_WHAT IS REQUIRED:_
Reproduce the data below in full. Nothing should differ from the original.
++++ EXTRACTED RECORDS ++++
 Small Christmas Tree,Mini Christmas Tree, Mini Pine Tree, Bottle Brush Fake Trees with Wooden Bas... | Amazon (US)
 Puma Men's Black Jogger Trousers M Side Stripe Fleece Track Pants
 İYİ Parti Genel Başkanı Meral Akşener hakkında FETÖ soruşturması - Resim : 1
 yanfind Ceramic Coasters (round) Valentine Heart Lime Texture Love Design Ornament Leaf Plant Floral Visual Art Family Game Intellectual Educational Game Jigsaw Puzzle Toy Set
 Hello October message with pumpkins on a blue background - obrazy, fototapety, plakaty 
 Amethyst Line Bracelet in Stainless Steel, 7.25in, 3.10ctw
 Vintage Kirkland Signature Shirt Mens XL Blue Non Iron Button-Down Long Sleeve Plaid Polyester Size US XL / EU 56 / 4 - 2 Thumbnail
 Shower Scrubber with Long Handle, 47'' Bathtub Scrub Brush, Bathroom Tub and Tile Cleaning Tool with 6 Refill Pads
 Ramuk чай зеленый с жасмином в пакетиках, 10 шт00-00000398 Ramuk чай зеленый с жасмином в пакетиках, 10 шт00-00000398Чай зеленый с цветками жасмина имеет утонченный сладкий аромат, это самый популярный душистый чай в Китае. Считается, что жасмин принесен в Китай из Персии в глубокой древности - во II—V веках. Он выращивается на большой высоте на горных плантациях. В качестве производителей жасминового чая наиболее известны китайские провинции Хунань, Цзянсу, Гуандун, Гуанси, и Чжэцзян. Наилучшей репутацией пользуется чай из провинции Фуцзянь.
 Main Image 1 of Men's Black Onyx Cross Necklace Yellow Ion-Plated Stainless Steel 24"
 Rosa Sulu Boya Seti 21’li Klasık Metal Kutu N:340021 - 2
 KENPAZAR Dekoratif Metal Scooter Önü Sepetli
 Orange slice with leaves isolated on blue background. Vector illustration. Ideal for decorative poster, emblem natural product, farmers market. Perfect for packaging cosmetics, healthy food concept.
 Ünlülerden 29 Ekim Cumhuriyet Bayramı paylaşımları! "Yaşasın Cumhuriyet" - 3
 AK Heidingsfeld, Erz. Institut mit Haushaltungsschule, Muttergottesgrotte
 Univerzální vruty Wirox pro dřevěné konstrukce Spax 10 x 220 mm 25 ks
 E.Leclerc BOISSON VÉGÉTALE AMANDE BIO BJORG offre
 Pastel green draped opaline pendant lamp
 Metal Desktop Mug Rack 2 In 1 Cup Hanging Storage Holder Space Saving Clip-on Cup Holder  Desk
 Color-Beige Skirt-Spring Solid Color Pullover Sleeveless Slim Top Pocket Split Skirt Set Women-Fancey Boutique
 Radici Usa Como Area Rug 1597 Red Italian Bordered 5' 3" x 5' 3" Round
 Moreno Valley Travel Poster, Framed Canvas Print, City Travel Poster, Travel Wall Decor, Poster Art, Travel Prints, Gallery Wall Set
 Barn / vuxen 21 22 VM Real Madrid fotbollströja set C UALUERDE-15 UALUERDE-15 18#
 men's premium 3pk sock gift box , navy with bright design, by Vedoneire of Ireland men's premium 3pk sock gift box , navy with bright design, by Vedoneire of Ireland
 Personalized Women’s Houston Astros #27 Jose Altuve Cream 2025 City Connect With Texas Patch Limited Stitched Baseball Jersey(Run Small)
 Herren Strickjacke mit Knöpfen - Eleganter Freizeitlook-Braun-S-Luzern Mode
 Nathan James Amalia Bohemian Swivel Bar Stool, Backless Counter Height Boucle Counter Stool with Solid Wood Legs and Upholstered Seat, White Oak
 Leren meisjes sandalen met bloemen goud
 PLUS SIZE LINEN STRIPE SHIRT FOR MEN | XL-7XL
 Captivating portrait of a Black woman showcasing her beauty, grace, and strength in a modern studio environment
++++
_ANSWER TO THE EXERCISE:_
 Small Christmas Tree,Mini Christmas Tree, Mini Pine Tree, Bottle Brush Fake Trees with Wooden Bas... | Amazon (US)
 Puma Men's Black Jogger Trousers M Side Stripe Fleece Track Pants
 İYİ Parti Genel Başkanı Meral Akşener hakkında FETÖ soruşturması - Resim : 1
 yanfind Ceramic Coasters (round) Valentine Heart Lime Texture Love Design Ornament Leaf Plant Floral Visual Art Family Game Intellectual Educational Game Jigsaw Puzzle Toy Set
 Hello October message with pumpkins on a blue background - obrazy, fototapety, plakaty 
 Amethyst Line Bracelet in Stainless Steel, 7.25in, 3.10ctw
 Vintage Kirkland Signature Shirt Mens XL Blue Non Iron Button-Down Long Sleeve Plaid Polyester Size US XL / EU 56 / 4 - 2 Thumbnail
 Shower Scrubber with Long Handle, 47'' Bathtub Scrub Brush, Bathroom Tub and Tile Cleaning Tool with 6 Refill Pads
 Ramuk чай зеленый с жасмином в пакетиках, 10 шт00-00000398 Ramuk чай зеленый с жасмином в пакетиках, 10 шт00-00000398Чай зеленый с цветками жасмина имеет утонченный сладкий аромат, это самый популярный душистый чай в Китае. Считается, что жасмин принесен в Китай из Персии в глубокой древности - во II—V веках. Он выращивается на большой высоте на горных плантациях. В качестве производителей жасминового чая наиболее известны китайские провинции Хунань, Цзянсу, Гуандун, Гуанси, и Чжэцзян. Наилучшей репутацией пользуется чай из провинции Фуцзянь.
 Main Image 1 of Men's Black Onyx Cross Necklace Yellow Ion-Plated Stainless Steel 24"
 Rosa Sulu Boya Seti 21’li Klasık Metal Kutu N:340021 - 2
 KENPAZAR Dekoratif Metal Scooter Önü Sepetli
 Orange slice with leaves isolated on blue background. Vector illustration. Ideal for decorative poster, emblem natural product, farmers market. Perfect for packaging cosmetics, healthy food concept.
 Ünlülerden 29 Ekim Cumhuriyet Bayramı paylaşımları! "Yaşasın Cumhuriyet" - 3
 AK Heidingsfeld, Erz. Institut mit Haushaltungsschule, Muttergottesgrotte
 Univerzální vruty Wirox pro dřevěné konstrukce Spax 10 x 220 mm 25 ks
 E.Leclerc BOISSON VÉGÉTALE AMANDE BIO BJORG offre
 Pastel green draped opaline pendant lamp
 Metal Desktop Mug Rack 2 In 1 Cup Hanging Storage Holder Space Saving Clip-on Cup Holder  Desk
 Color-Beige Skirt-Spring Solid Color Pullover Sleeveless Slim Top Pocket Split Skirt Set Women-Fancey Boutique
 Radici Usa Como Area Rug 1597 Red Italian Bordered 5' 3" x 5' 3" Round
 Moreno Valley Travel Poster, Framed Canvas Print, City Travel Poster, Travel Wall Decor, Poster Art, Travel Prints, Gallery Wall Set
 Barn / vuxen 21 22 VM Real Madrid fotbollströja set C UALUERDE-15 UALUERDE-15 18#
 men's premium 3pk sock gift box , navy with bright design, by Vedoneire of Ireland men's premium 3pk sock gift box , navy with bright design, by Vedoneire of Ireland
 Personalized Women’s Houston Astros #27 Jose Altuve Cream 2025 City Connect With Texas Patch Limited Stitched Baseball Jersey(Run Small)
 Herren Strickjacke mit Knöpfen - Eleganter Freizeitlook-Braun-S-Luzern Mode
 Nathan James Amalia Bohemian Swivel Bar Stool, Backless Counter Height Boucle Counter Stool with Solid Wood Legs and Upholstered Seat, White Oak
 Leren meisjes sandalen met bloemen goud
 PLUS SIZE LINEN STRIPE SHIRT FOR MEN | XL-7XL
 Captivating portrait of a Black woman showcasing her beauty, grace, and strength in a modern studio environment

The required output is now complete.